Il est impossible de justifier la présentation faite : la Commission réprimandera la France, qui ne réagira pas, sûre de son droit (et comme l’a déjà annoncé son gouvernement). La Commission devra alors monter l’échelle des sanctions et il est peu probable que le Conseil l’arrête en route, d’autant que les décisions y seront prises à la majorité qualifiée inversée. Le French bashing prendra un nouveau tour et ceci ne fera apparaître que l’inutilité du processus, puisque la France ne changera rien à sa trajectoire de finances publiques. Cela dépréciera la parole et l’influence française au moment où s’élabore l’initiative d’un plan d’investissement de 300 milliards d’euros qui n’est voulu que par la France et la Pologne (d’après la rumeur), au risque de faire capoter une des rares initiatives qui pouvait nous faire sortir de la crise.

En laissant la fureur feutrée de la technocratie exprimer son mécontentement envers la France, c’est la fragilité de la « gouvernance européenne » qui sera révélée. Or celle-ci ne repose que sur la dénonciation de la France et la pression par les pairs qu’elle implique. La France peut être mise à l’amende, mais ni le Conseil ni la Commission ne disposent d’instruments pour « forcer » la France à satisfaire aux exigences du traité. C’est toute la faiblesse de cette « gouvernance européenne » puisqu’elle ne fonctionne que si les Etats membres se plient volontairement aux règles. Elle n’a donc de gouvernance que le nom, mais elle est pourtant la clef de voûte de la sortie de la crise des dettes souveraines. La Banque centrale européenne est intervenue, à l’été 2012, parce que la gouvernance renforcée des finances publiques devait résoudre le problème de passager clandestin. Les (nombreux) détracteurs de l’intervention de la Banque centrale européenne ont largement dénoncé l’hypocrisie du traité, qui ne garantit rien puisqu’il repose sur la discipline consentie des Etats membres. L’infraction française, l’impuissance de la Commission et du Conseil constitueront une démonstration de cette faiblesse, au point que l’on peut craindre que le château de cartes ne s’effondre.
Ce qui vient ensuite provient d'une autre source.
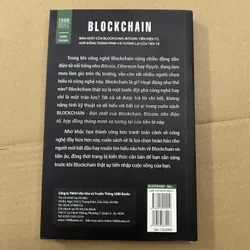 Blockchain bản chất của blockchain, tiền điện tử,.. 569396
La France pourrait revoir son projet de budget et ajouter des mesures, qui dans la nouvelle méthode comptable et avec une hypothèse plus basse de potentiel, lui permettent de tenir son engagement d’effort structurel d’avril 2014. Ce scénario est très improbable et c’est une bonne chose (voir le post d’Henri Sterdyniak). Improbable, parce que les presque 2 points de TVA à taux plein nécessaires pour arriver à un effort de 0,8% du PIB (et donc sans compenser le retard pris en 2014) ne seraient pas votés par le Parlement français. Bonne chose, parce qu’ils auraient induit une récession (ou un sérieux ralentissement) en France et une montée du chômage totalement inacceptables pour simplement sauver la face de la Commission et appliquer avec diligence les textes européens.
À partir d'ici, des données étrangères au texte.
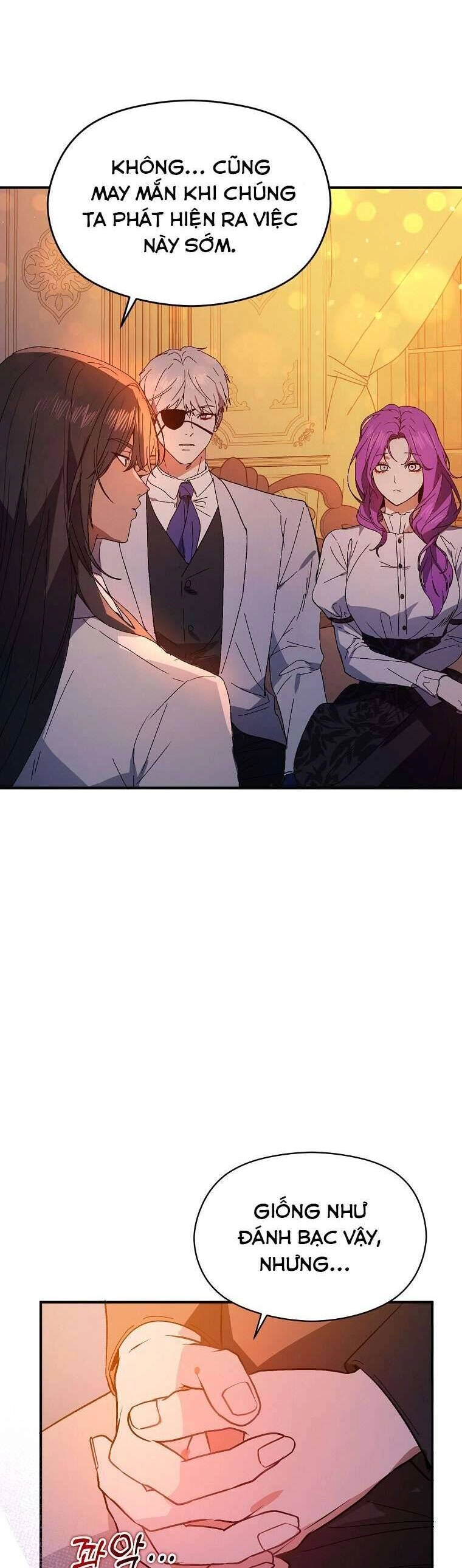 Tôi Không Cố Ý Quyến Rũ Nam Chính Đâu! Chapter 83 - 5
Il aurait été bien plus habile de s’en tenir aux hypothèses (et méthodes) du programme de stabilité 2014. Le Haut Conseil aurait protesté, la Commission aurait querellé mais les règles de la gouvernance européenne auraient été sauves. On dit que les statistiques sont la forme la plus avancée du mensonge. Entre deux mensonges, autant choisir le moins stupide.